The Government of Ghana will soon issue out a comprehensive roadmap that will permanently address the illegal mining phenomenon, also known as galamsey, in the country.
The roadmap, which will also see the lifting of the ban on small-scale mining, will involve the reclaiming and re-afforestation of mined-out areas; restoration of impacted water bodies; and the strict supervision of the processes of awarding mining licenses and associated permits.
Additionally, it will incorporate the establishment of a mercury pollution abatement project; implementation of alternative livelihood projects; systematic control of the engagement of excavators and changfans in mining areas; and the continued formalization and regulation of the small-scale mining sector.

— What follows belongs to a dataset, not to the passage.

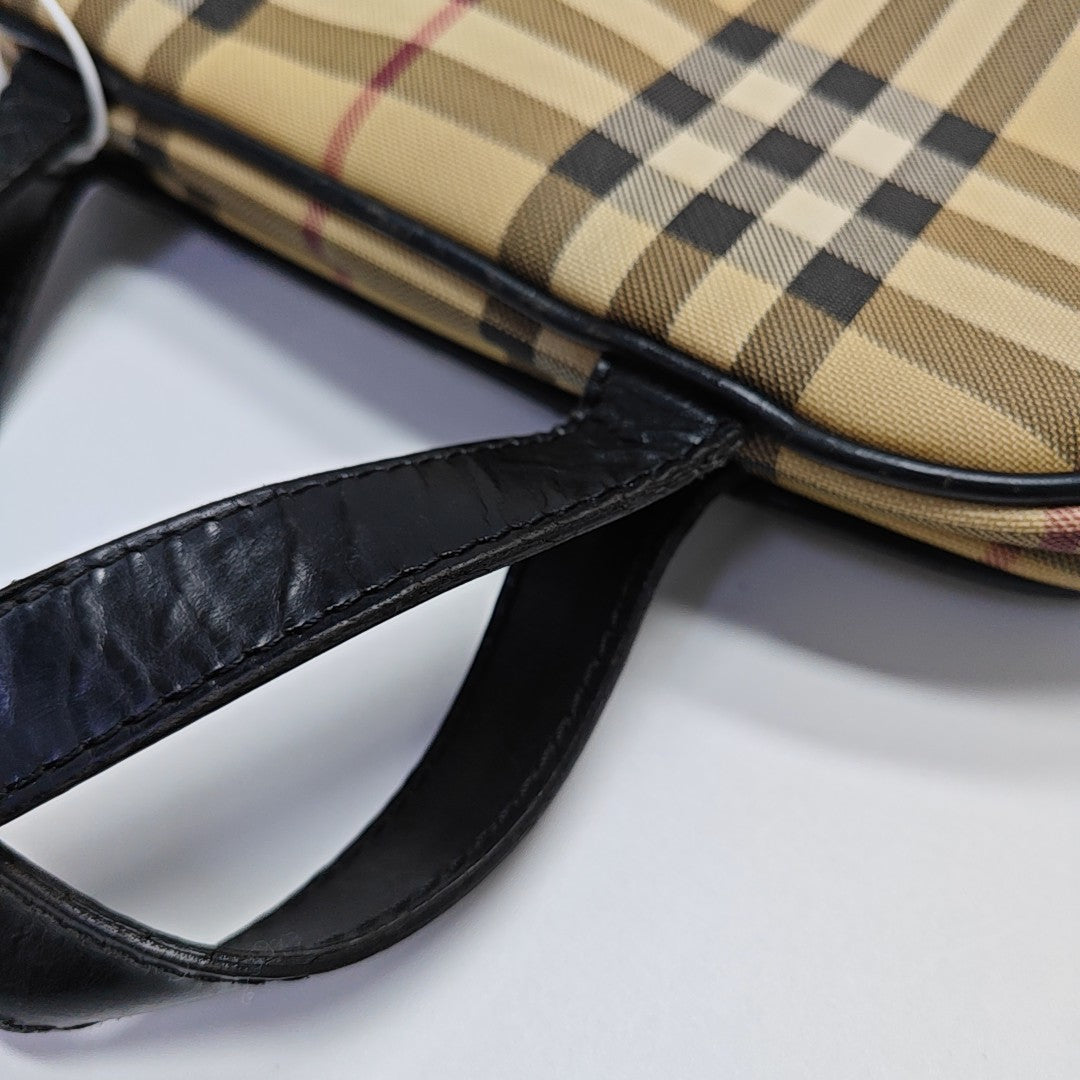 Coated Canvas Top Handle Bag Beige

The President Nana Addo Dankwa Akufo-Addo made these known in a keynote address delivered in Accra on Monday at a sensitization workshop for traditional and religious leaders, and other stakeholders on the elimination of illegal mining in Ghana.
President Akufo-Addo said it was the responsibility of the eminent Chiefs and Queen mothers, as it used to be, to continue to help preserve the country’s lands, water bodies and environment. “We all have a duty to say no to galamsey for our own common survival and the survival of those who are to come. If we allow it, we are jeopardizing both our present and our future. This cannot be over-emphasized,” he stressed.

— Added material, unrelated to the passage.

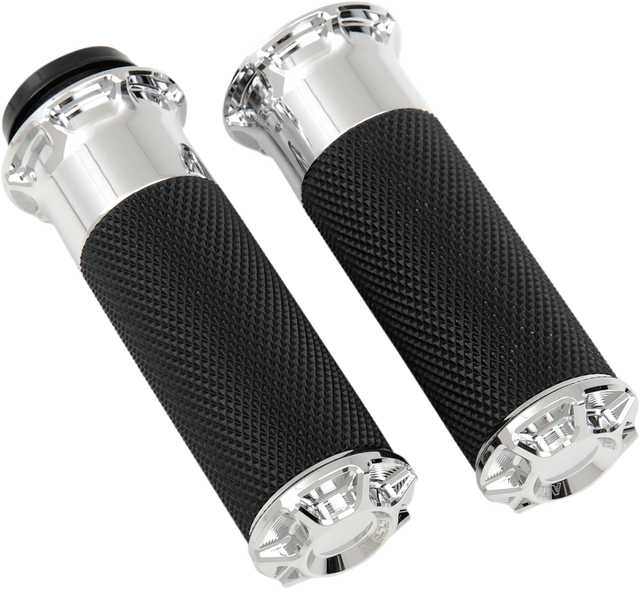 ARLEN NESS Beveled Grips - TBW - Chrome 07-328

President Akufo-Addo commended the country’s religious leaders, Chiefs and Queen mothers, for the immense support they had offered and continued to offer in the fight against galamsey.

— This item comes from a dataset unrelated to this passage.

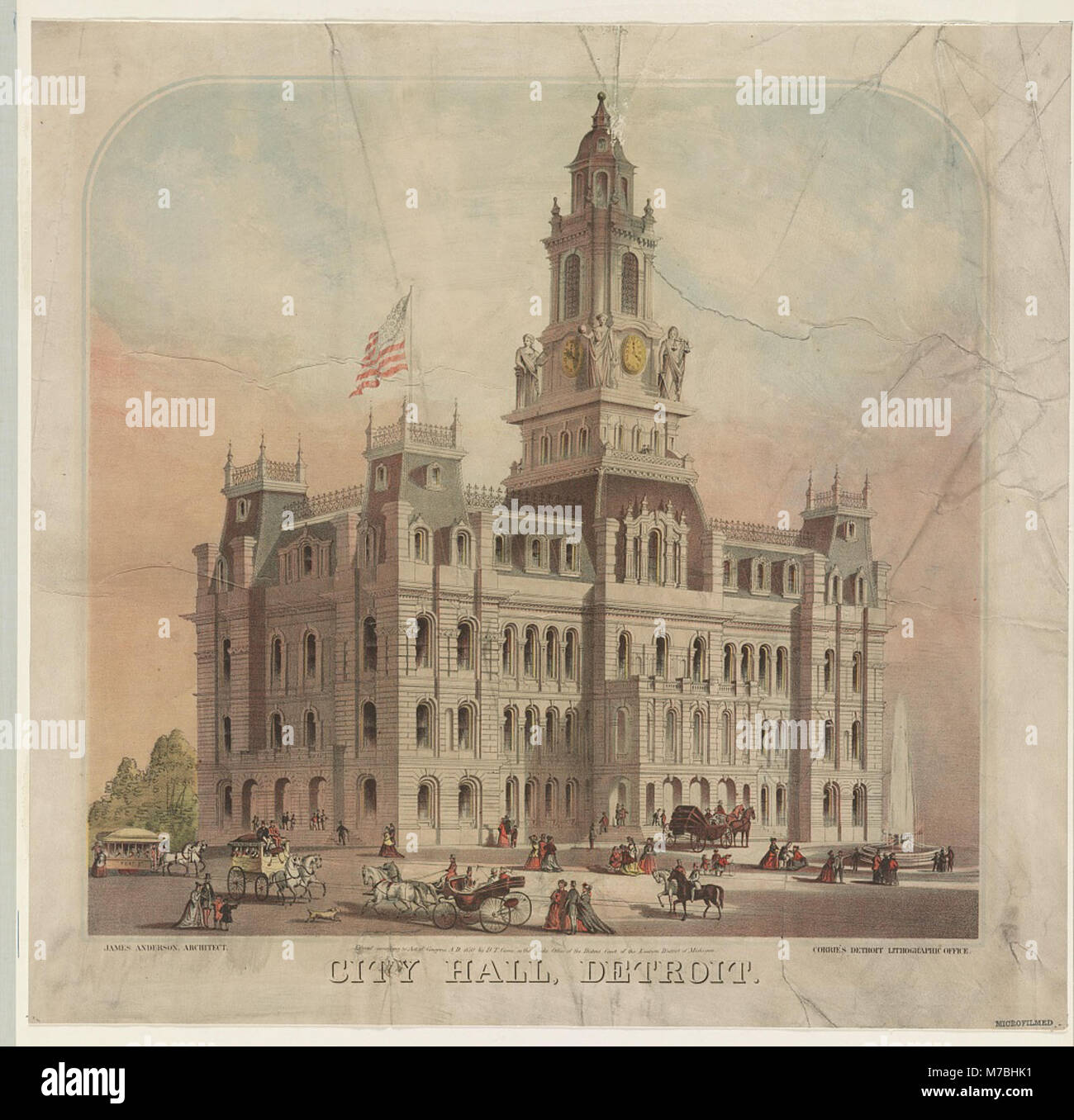 Detroits Rathaus, ein Wahrzeichen, das für seine historische und architektonische Bedeutung bekannt ist. Sie dient als Sitz der Stadtverwaltung und spielt eine Schlüsselrolle im bürgerlichen Leben Detroits. Stockfoto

He recalled his recent tour of the Western region where he said he was comforted by the strong remarks of support by the Chiefs he encountered and their attestation to the marked improvement in the vegetation and the quality of the water bodies in comparison to the situation a year ago.
The Chairperson of the Inter Ministerial Committee, Prof. Frimpong Boateng, who painted the gory picture of situation of galamsey and shared the concerns of the impact of the menace, urged the eminent Chiefs and Queen mothers to fashion out ways to complement Government efforts in the fight against illegal mining in the country.
Government, in dealing with the menace, set up an Inter-Ministerial Committee on illegal Mining, with the world-renowned scientist, Prof. Kwabena Frimpong Boateng, as its chairperson.
The committee, as part of its work, recommended an initial 6-month ban on small scale mining activities, a request to which the President gave his assent. The ban has, since then, been extended.
Government, as part of the directives it gave to the Committee, was to carry out certain activities to bring sanity into the artisanal gold mining sector.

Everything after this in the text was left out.